[Start of Attachment]

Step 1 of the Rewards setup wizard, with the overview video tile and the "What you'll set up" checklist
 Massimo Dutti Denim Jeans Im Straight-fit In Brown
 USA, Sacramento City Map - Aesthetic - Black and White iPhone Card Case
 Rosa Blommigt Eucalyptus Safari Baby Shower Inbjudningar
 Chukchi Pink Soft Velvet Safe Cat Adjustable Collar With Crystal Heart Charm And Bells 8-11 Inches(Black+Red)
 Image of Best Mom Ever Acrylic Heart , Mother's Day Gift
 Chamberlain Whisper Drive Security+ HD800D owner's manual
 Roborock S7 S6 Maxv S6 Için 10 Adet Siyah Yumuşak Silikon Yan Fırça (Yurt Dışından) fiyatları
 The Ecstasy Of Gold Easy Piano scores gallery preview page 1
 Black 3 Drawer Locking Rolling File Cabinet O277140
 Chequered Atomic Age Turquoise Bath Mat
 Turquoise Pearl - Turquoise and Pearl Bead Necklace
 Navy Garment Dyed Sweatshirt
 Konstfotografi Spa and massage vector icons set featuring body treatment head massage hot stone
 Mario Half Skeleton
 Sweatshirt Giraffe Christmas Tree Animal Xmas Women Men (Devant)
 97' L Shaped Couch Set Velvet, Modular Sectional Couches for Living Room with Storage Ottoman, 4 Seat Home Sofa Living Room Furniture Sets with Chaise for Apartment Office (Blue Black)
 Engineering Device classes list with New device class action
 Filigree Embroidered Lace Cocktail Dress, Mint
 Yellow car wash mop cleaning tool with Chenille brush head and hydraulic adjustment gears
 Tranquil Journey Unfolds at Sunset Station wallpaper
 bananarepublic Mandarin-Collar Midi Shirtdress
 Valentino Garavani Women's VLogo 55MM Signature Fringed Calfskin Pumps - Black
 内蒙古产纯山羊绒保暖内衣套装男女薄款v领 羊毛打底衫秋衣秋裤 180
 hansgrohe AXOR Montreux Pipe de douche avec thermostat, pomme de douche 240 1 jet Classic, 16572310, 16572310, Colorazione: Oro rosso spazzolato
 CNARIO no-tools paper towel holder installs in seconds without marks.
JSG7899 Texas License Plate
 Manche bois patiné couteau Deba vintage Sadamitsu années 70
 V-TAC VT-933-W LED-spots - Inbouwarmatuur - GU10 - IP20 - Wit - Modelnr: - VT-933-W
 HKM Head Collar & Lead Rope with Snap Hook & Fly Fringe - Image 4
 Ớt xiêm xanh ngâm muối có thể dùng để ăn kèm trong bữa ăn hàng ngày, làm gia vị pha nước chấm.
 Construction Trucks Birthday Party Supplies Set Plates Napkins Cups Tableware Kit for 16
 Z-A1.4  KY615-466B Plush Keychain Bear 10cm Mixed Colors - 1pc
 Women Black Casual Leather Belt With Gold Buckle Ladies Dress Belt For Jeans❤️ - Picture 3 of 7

[End of Attachment]

* [Assignment] Every line of the listing that includes "Jeans" must be shown.

* [Task solution]
 Massimo Dutti Denim Jeans Im Straight-fit In Brown
 Women Black Casual Leather Belt With Gold Buckle Ladies Dress Belt For Jeans❤️ - Picture 3 of 7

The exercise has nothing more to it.